It spread RAPIDLY and AROUND THE WORLD. And if it spread through fibre optic cables, this hoax spread AT LITERALLY THE SPEED OF LIGHT.

Oh, by the way, the article doesn't mention which U.S. museum was duped. The article writer Marco Silva interviewed one museum curator for a couple quotes, but doesn't mention them ever even hearing about "Alan MacMasters" or the hoax. And I guess The Daily Mirror tabloid counts as a "major news outlet"?

"The Wikimedia Foundation, which runs Wikipedia, tells the BBC it takes hoaxes and misinformation "very seriously". It accepts hoaxes take place "from time to time", but says the site is protected "through a combination of machine learning tools and human oversight from volunteer editors"."

Oh?! They take it quote-very seriously-quote, do they? These pencil-pushers at the Wikimedia Foundation are asleep at the wheel! I am outraged! Thank you, BBC, for making me outraged!


I don't give a shit about the "Alan MacMasters" hoax. What does concern me is the BBC publishing tabloid-level clickbait stories trying to stir up false narratives for clicks.

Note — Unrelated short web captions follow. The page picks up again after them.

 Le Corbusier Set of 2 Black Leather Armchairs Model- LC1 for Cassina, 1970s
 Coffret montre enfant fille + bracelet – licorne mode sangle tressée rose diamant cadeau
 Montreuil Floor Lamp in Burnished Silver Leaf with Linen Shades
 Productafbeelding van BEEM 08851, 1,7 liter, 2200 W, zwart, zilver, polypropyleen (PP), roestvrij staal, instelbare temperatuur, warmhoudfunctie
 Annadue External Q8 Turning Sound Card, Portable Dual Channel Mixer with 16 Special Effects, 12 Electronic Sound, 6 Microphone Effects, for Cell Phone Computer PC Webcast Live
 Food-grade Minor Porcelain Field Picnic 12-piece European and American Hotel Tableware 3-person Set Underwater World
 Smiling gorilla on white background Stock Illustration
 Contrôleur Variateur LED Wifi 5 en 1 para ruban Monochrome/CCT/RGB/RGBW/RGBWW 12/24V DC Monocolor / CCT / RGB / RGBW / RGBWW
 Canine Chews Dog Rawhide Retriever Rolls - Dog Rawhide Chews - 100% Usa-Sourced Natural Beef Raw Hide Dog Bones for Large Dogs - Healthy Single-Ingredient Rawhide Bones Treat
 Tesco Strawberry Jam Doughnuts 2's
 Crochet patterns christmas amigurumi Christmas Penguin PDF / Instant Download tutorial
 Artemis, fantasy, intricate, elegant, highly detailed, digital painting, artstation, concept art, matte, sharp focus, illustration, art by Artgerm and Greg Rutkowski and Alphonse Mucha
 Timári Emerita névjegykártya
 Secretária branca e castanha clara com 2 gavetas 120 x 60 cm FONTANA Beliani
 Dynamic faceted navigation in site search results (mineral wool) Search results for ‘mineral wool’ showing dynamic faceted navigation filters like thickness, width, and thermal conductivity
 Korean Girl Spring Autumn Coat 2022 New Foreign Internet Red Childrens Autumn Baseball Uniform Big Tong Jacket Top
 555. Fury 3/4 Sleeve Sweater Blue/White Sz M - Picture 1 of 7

Facts are objective but on their own useless. "50% of marriages end in divorce" can be just as true and misleading as "50% of marriages end in death". It is the interpretation that we take away from these facts that is important. And interpretations are easily manipulated by deciding on which facts to leave in and which facts to tuck away out of sight. And this BBC article is a great example of how pundits, advertisers, and mainstream media outlets tell lies with facts.

Factually, there is an Alan MacMasters hoax. Meaningfully, there isn't.
posted by AlSweigart at 9:35 AM on November 20, 2022 [18 favorites]

an attitude that it is somehow wrong to look to trust others.

Not "wrong," but as we've seen time and time again, perhaps "unwise," especially if you are a journalist? When I was teaching university back in the Dark Ages, I always told my students that Wikipedia was an okay place to start to look for an overview and links to reliable sources, but that everything there needed to be fact-checked. You'd think people and institutions that set themselves up as trusted sources of news and information would do the same. Amusing as this is, it should never have gotten this far, and the fact that it did is not on a couple of college kids for making a glib joke.

Tl:dr as solotoro says above, "toast but verify."
posted by rpfields at 11:27 AM on November 20, 2022

And that's all.

Well, you could have googled it to see whether "that's all".

But this is classic metafilter: a smart, well written and on point debunking and critical commentary, but one that inevitably does itself what it strives to critique.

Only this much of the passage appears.